However, as the internal developments of other countries sometimes matter, shaping the conditions within countries emerged as a second external function of states. This function can be exerted with high, low, or no respect for the principles of sovereignty and non-interference as well as on the basis, for example, of a request/invitation from the one state or a proposition by the other. It may relate to economic or social conditions (e.g. labour standards, security or human rights issues, or environmental as well as migration concerns).
Beyond the conditions within countries, there is increasing interest by states in shaping global conditions. This third external function of states relates to global public goods as well as other concerns that require more than measures just within countries (e.g. climate; oceans, including deep sea mining; biodiversity; global macroeconomic stability and a functioning trading system; health; air traffic security; space; and migration).
When exercising these functions, governments can use and combine a broad array of means. I suggest categorising them as regulatory, promotional, and cooperative. Regulatory means include laws and norms at the national and international levels. Promotional means refer in the first place to financial and other incentives for non-governmental actors (e.g. business, civil society organisations, individual persons) engaged in external activities. Cooperative means, in this context, are specifically understood as intended intergovernmental project and programme cooperation aiming at concrete, palpable outcomes.
All three external functions of a state can be performed in unilateral, bilateral, plurilateral, and multilateral ways. The motives can be selfish, altruistic, or enlightened. The objectives may lie at home or abroad. Furthermore, the functions can be intertwined. For example, countries can shape relations to other countries with the aim of changing conditions within these countries, or they can engage in shaping conditions within other countries while aiming at global conditions or pursuing domestic policy purposes.
When applying this understanding of external governmental activities, one can describe the basic function of development cooperation as shaping conditions within (other) countries by using cooperative and promotional civilian means (Kloke-Lesch 1998a, b). These instruments include, above all, (1) realising projects and programmes that are often accompanied by an active influence on the framework conditions in the respective countries and (2) promoting non-governmental activities in these countries. For this functional definition, it does not matter whether it is performed by a dedicated department (“aid agency”) or by governmental entities scattered across departments. Furthermore, development policy in a broader sense would also try to influence the regulatory activities, for example by foreign affairs or trade departments, with a view to its pursued objectives (“policy coherence for development”).
Thus, this functional role of development cooperation can come into play wherever, whenever, and for whatever reason it is politically desired and possible to influence conditions in specific countries using civilian means, from unilateral through to multilateral ones. Such a functional approach to development cooperation would not start with the question whether countries, or people in countries, are needy, but rather whether there is a necessity or interest felt to impact on developments in countries, irrespective of whether they are listed as “developing” or “developed” countries.
Depriving the notion of development cooperation of its traditional normative core and geographical focus is not meant to allow for policies not strongly rooted in the norms and values that are enshrined, for example, in international law and national constitutions (Burchi et al. 2018). On the contrary, a functional approach can be helpful in better analysing and understanding the realities and normative framings of international relations and cooperation under changing circumstances, in comparing the activities of different actors by using a uniform terminology, and in identifying necessary next steps when implementing a new, ambitious, and universal normative framework such as the 2030 Agenda for Sustainable Development.

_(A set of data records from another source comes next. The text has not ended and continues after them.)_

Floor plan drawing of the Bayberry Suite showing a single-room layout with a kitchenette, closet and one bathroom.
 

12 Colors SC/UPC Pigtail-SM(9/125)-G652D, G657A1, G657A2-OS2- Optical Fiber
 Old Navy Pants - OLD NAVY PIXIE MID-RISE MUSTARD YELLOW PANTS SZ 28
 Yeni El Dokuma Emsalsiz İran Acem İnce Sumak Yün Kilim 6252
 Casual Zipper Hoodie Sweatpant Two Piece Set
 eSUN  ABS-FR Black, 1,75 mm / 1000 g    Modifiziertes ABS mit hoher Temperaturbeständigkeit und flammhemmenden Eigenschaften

7.2.5 Untapped Potential: A Functional Reading of the 2030 Agenda’s Means of Implementation

The 2030 Agenda marks a fundamental turn from the concept of “international development” organised around the “North-South” binary, poverty eradication, and aid for “developing countries” to a universal concept of “global development” with sustainable development at its normative core and requiring a broad range of MoIs in and between all countries: domestic as well as international, non-financial as well as financial, concessional as well as non-concessional, and political as well as technical ones (Kloke-Lesch 2016).
Do the 2030 Agenda and the steps to implement it actually live up to its proclaimed universal ambitions? On the conceptual and normative levels, the broadening of the substantial purpose of development into sustainable development is spelt out throughout the document and has, in principle, been accepted globally. With regard to the universality of the agenda and the geographic shift from “developing countries” to all countries, as well as to global issues and global public goods, the picture is more nuanced. On the one hand, the agenda calls on all countries for implementation (“These are universal goals and targets which involve the entire world, developed and developing countries alike” [UN 2015c]), and almost all of the SDGs—including their substantial targets—are framed in a universal way. On the other hand, the document maintains the distinction between “developed” and “developing” countries and gives particular prominence to implementation in the latter, while calling on the former to support these endeavours. This lopsidedness gets stronger with respect to the means of implementation, which rely mainly on the Addis Ababa Action Agenda (AAAA) of the Third International Conference on Financing for Development (UN 2015b).
The AAAA is a product of the Financing for Development process, which predates the universal 2030 Agenda and has been limited to the implementation in “developing countries” (Kloke-Lesch 2016). The relation between the AAAA and the 2030 Agenda was a contested issue, in particular with regard to non-financial means of implementation, the role of the “common but differentiated responsibilities” principle beyond environmental issues, and to what extent the 2030 Agenda and the individual SDGs should contain specific means of implementation (Dodds et al. 2017). Eventually, the AAAA was declared an integral part of the 2030 Agenda and, in addition, means of implementation targets were included both under each SDG and SDG 17.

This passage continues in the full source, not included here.